Thursday, 31 July 2008

#5: 30-Jul-08 Politics in Croatia (B)

30th July 2008
Pula
Entering Pula, the administrative capital of the Istrian peninsular of northern Croatia, was like entering a war zone. Buildings on either side of the natural harbour had only broken windows and were obviously deserted. We were arriving as the sun was setting and it was eerie sailing through this desolate landscape. We could see the large cranes of the shipyard ahead and a very industrial looking port but no evidence of, what was described to us by one of the 68,000 residents, the most beautiful city in the world.
Our informant, who worked in one of the chandleries and was at the time selling us a replacement water tank (yes, we still have not managed to stop the incessant leaking of our fresh water into the bilges) told us many interesting things, some which contradicted and others that reinforced our other sources. He told us that the Italian occupiers during his grandfather’s lifetime forced all Pula residents to change their names to an Italian form and now he has many relations in Italy though he was actually of Slovak extraction (confirming our guidebook assertion that Pula was Italian between the wars but denied by the marina man). He had strong views on Croatia joining the EU. He said there is a lot of corruption at the top level of politics (confirming what we had read on Wikipedia), that they shouldn’t consider joining the union until Croatia had sorted itself out. His opinion was that nothing worked in Croatia at the moment (confirming a view held our taxi driver in Zadar) and needed a sea change in the political landscape and at least 15 years to sort. His main concern was that currently he is paid 4,000 kuna (we assumed a month) which is £440 (the average salary is currently 7,000 Kuna per month in Croatia) – he is afraid that with the Euro prices of goods would rise significantly but his salary will stay low due to the influx of people prepared to come and work for even lower salaries. This, he said, is what happened in Italy. But he finished with “Pula is the most beautiful city in the world, I know I have seen many, and to be honest so long as us Croatians have the sun, sea and a little money we are happy”.

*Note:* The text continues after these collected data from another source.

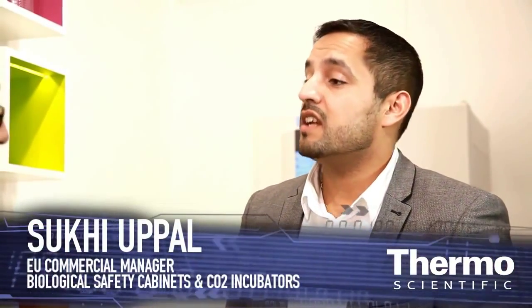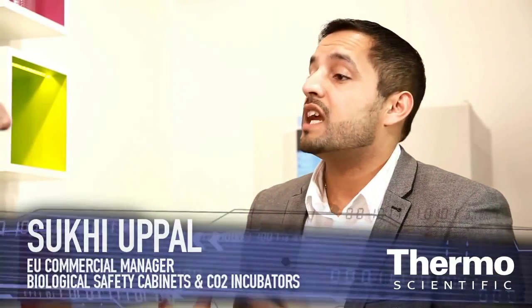Suki, talk about the Thermoscientific Heracell unit that we have here at the show. So the Thermoscientific Heracell 150i that we have here is our leading unit, and the reason we wanted to have it here today at Analytica is to introduce a new technology that we've pioneered, known as IonGuard.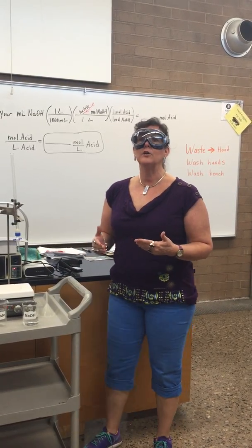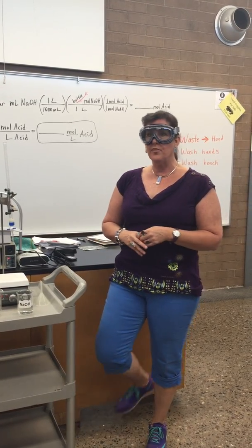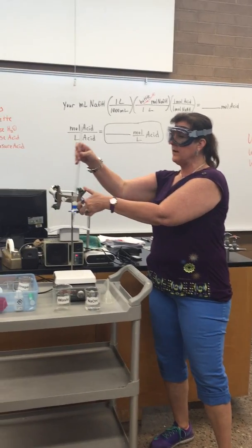I'm going to tell you how to prepare your burette with sodium hydroxide for today's Chem 130 lab, which is the titration of vinegar and sodium hydroxide. So you're going to go get a burette.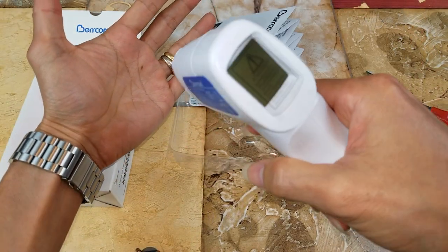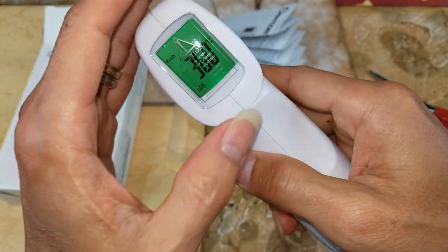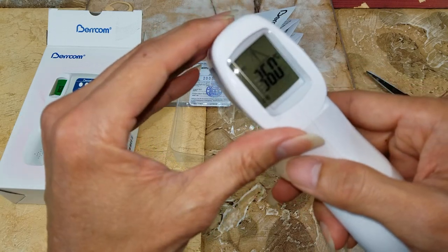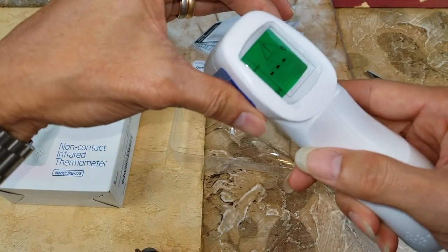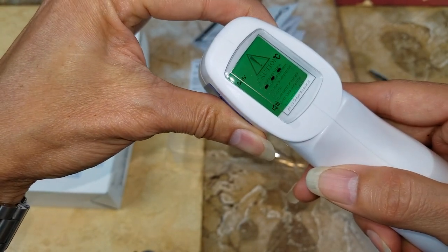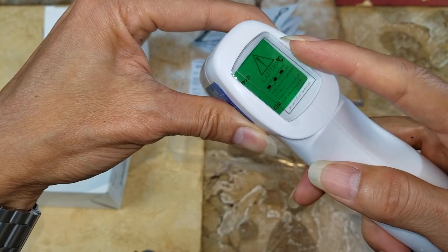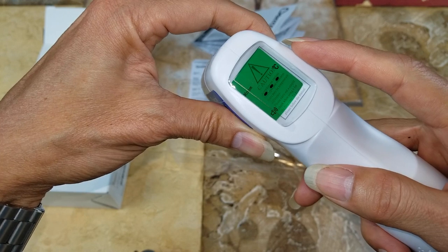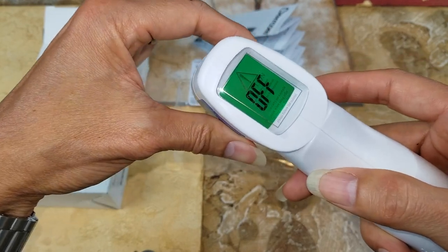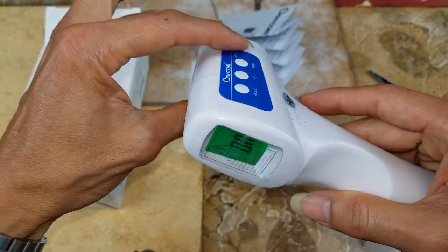It shows a temperature in degrees Celsius — 36. I'm pressing the mode right now. So there are three different settings: surface temperature, body temperature, and room temperature. This button is the speaker on/off or beeping, and then this one is memory.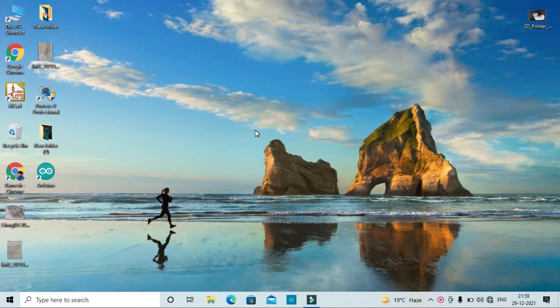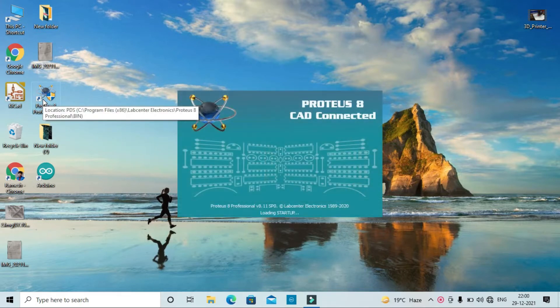Hello everyone, welcome to our channel Things Ingenious. Today I will discuss how to make a relay circuit on Proteus. So let's do it. First of all, you open your Proteus software.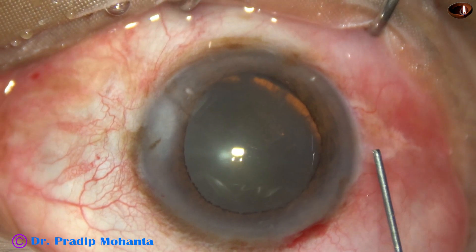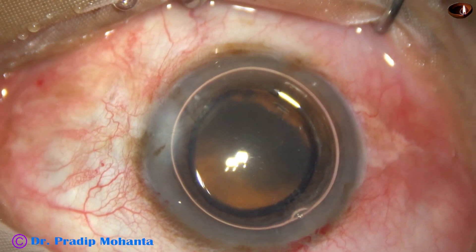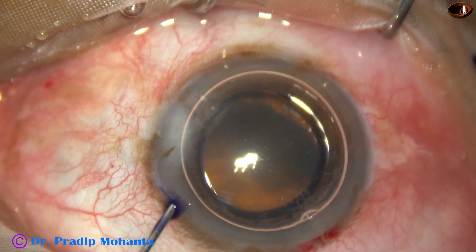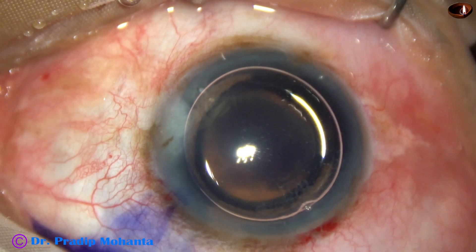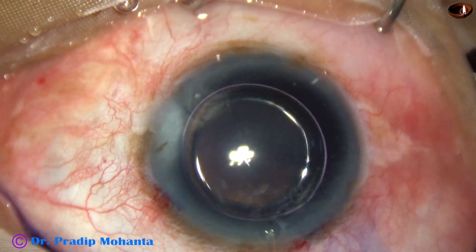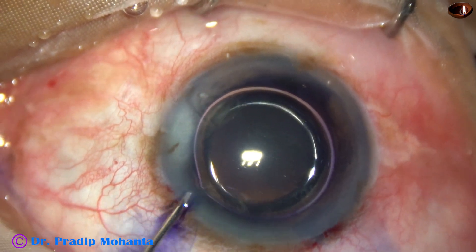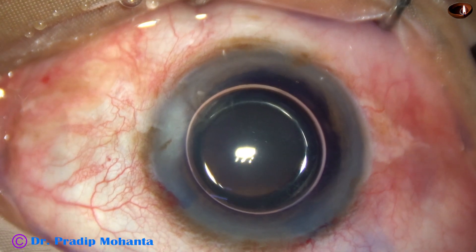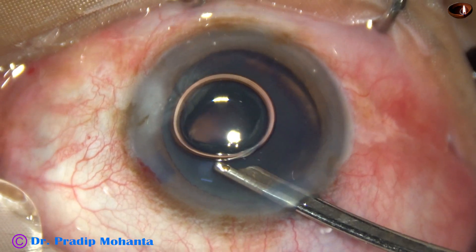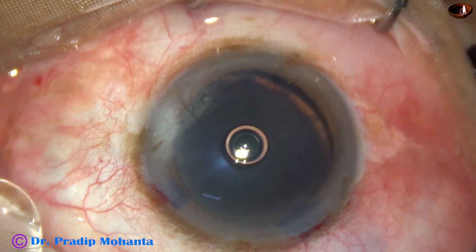An air bubble is injected to fill the anterior chamber. Underneath this air bubble, trypan blue 0.06% dye is applied over the anterior capsule. If we place the dye underneath the air bubble, the staining is quick and much better, and the dye doesn't touch the corneal endothelium. The dye is washed out and we can see uniform staining of the anterior capsule.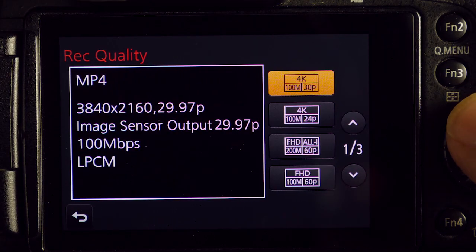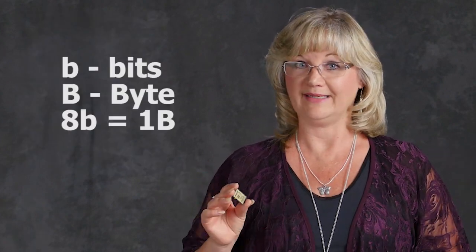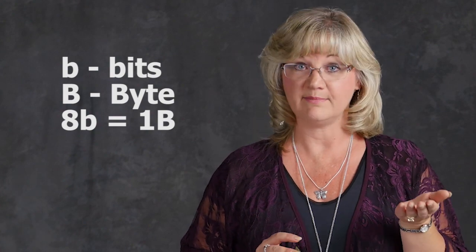Let me clear up some confusion. When you're setting the quality levels on your camera, you'll see 100 megabits or 200 megabits — that's M with a small b, megabits. But when you look at your card, it'll say read 90 and write 45 megabytes — that's megabytes with a capital B. Those numbers are not even close, right? Well, there are 8 bits in a byte. So if you take your 100 megabits on your camera and divide it by 8, that's 12.5 megabytes.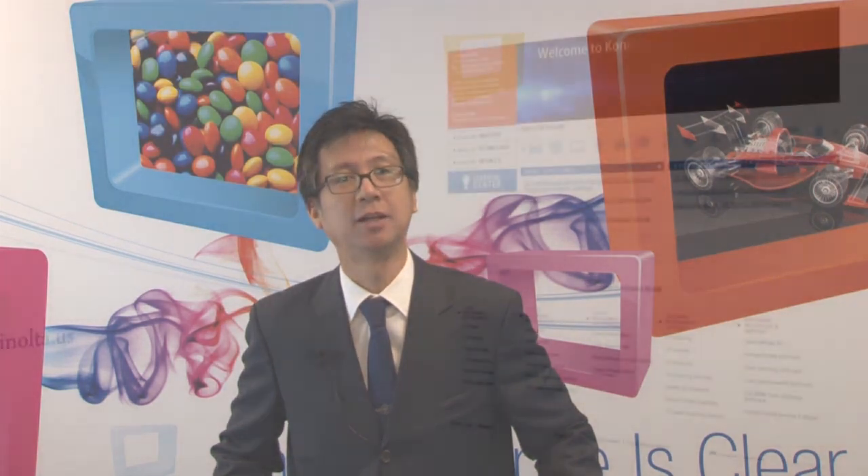For more information on our light and display measurement instruments, including the T10A illuminance meter, visit us at sensing.konica-minolta.us. Thank you.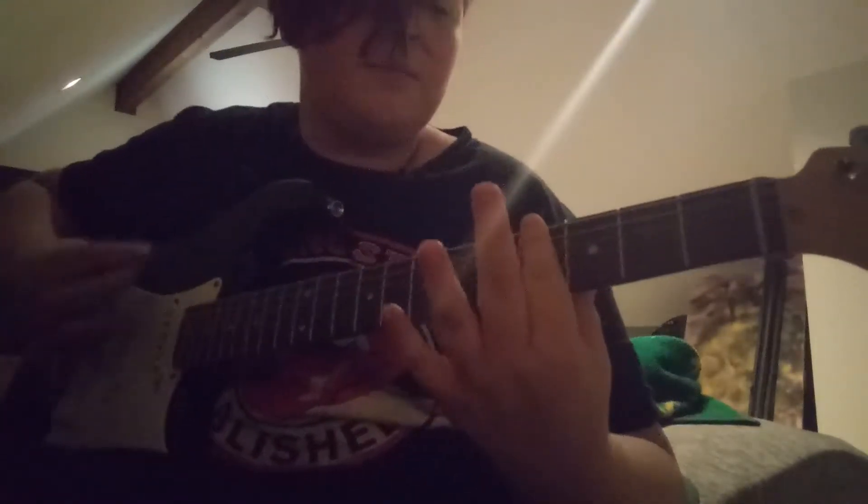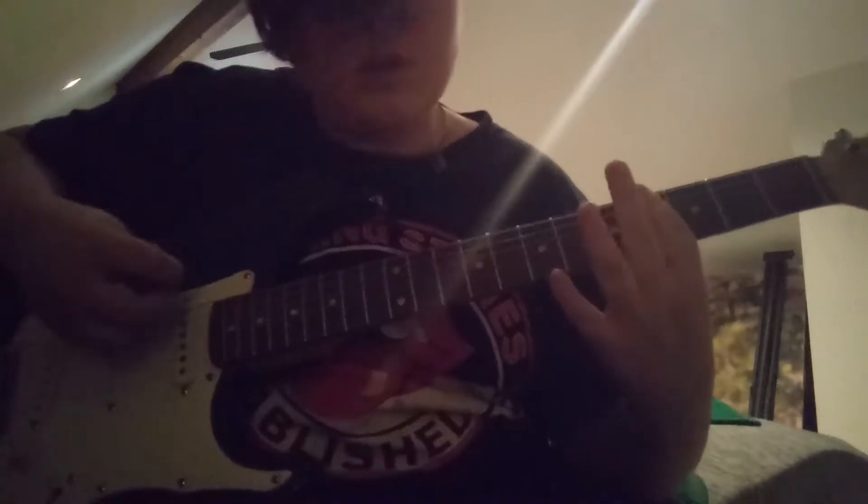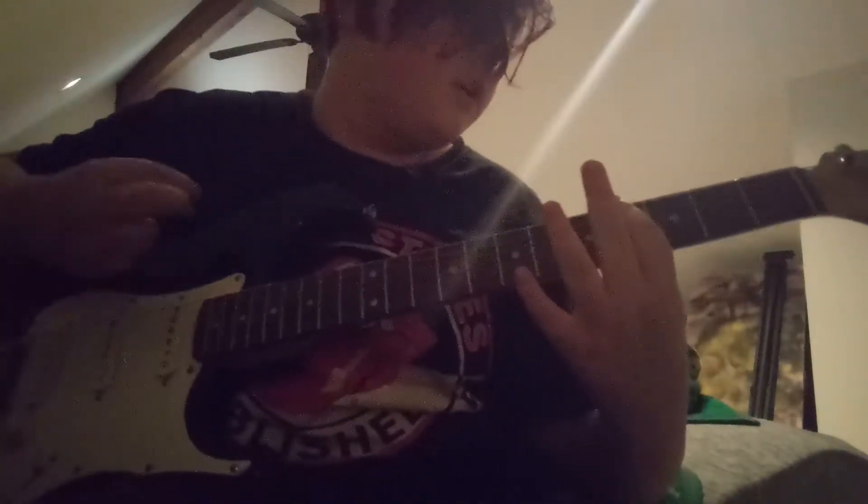Then all you gotta do is bar chord the string, three D strings — not those — but now you gotta do is have it open for the next chord. And basically that's it.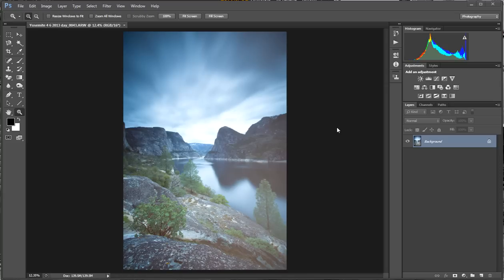Here we have an image from Hetch Hetchy in Yosemite National Park that I took using my Lee Big Stopper — it's a 10-stop neutral density filter. Typically these images end up with weird color casts because of the heavy filter that the light must pass through. It always tends to have a bluish-green cast, and a lot of times you lose detail in the overexposed area that you can see where my mouse is.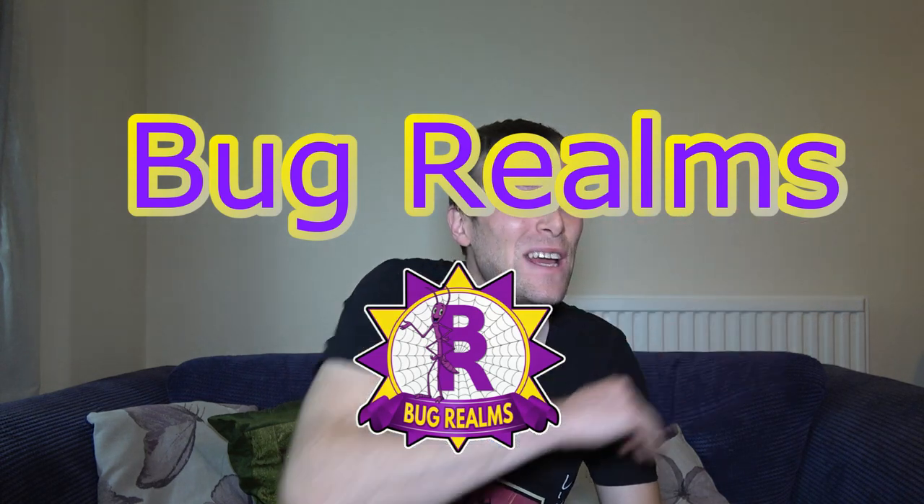Hello and welcome back to Bug Realms. On this channel we like to discuss all things creepy crawly, so if that interests you please consider subscribing. Now before we get started, I've had a few questions asking why I'm not always filming up in the realm. The reason is I've got a few projects underway such as Coffee Table Enclosure 2.0 and the UK Bug Enclosure, and there are bits everywhere. I have to clamber over things even to go to bed. So while these are underway it's really difficult to set up lighting and camera equipment, plus I'd have to hide it all because I don't want you nosy guys looking in the background for little details.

Our journey to Pula from Rab had been a little eventful. I decided to give fishing another go while we sailed and had changed the configuration of the hand line. As I fed out the weights and hooks I watched with horror as a hook got caught on my finger and then in slow motion the weight fell off the hand-reel and pushed the hook right into my flesh....my finger was well and truly caught! We tried pulling it out, cutting it out, considered leaving it in (that was my idea!) and in the end I thought “I need to phone a friend”. Jon (bless him) said “this call must be costing you a fortune” and I thought “I don’t care .. I have a fish hook in my finger”! His suggestion of pushing the hook right the way out again and cutting the barb off worked but did make me feel decidedly queasy. I was not much use for an hour or two while I swooned in the cockpit. Later when I was comparing fish stories with a local fisherman from whom we bought fish, he took one look at the tiny hole in my finger and said “but your husband could just kiss that better”.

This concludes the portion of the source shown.